ROANOKE TIMES

                         Roanoke Times
                 Copyright (c) 1995, Landmark Communications, Inc.

DATE: THURSDAY, May 17, 1990                   TAG: 9005170326
SECTION: NATIONAL/INTERNATIONAL                    PAGE: A-12   EDITION: METRO 
SOURCE: Associated Press
DATELINE: MANAGUA, NICARAGUA                                LENGTH: Short


PAY PLEDGE ENDS STRIKE IN NICARAGUA

A strike by public employees that paralyzed Nicaragua ended Wednesday night when the new government of President Violeta Barrios de Chamorro agreed to pay workers 85 percent more and promised not to fire those who walked off their jobs.

The agreement, reached at 8 p.m. (10 p.m.
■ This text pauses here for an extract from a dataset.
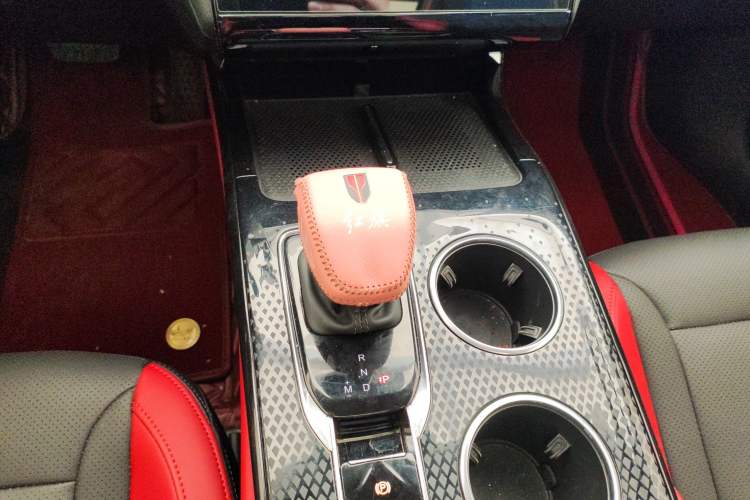 Used Hongqi HS3 2023 1.5T Two-Wheel Drive Shanwei Edition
EDT), included a 25 percent pay hike on top of an earlier 60 percent increase the government gave workers belonging to Sandinista unions.

The workers went on strike Friday, demanding a 200 percent pay raise and restoration of a law under the former Sandinista government, which turned over power to Chamorro on April 25, that protected government workers from being fired.
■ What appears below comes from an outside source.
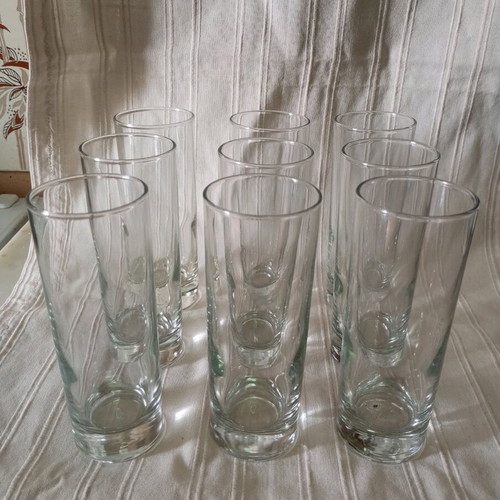 Set of 9 glass tube glasses like new for drinks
The walkout had virtually shut down Managua and much of this Central American nation of 3.5 million residents.

Earlier Wednesday, the beleaguered Chamorro government reached tentative accord with Sandinista labor leaders to end some of the crippling strikes by government employees.

But most of her 3-week-old administration remained frozen by the walkouts, and suffered a further blow when President Bush said Wednesday that legally his administration cannot provide $40 million she sought in emergency loans.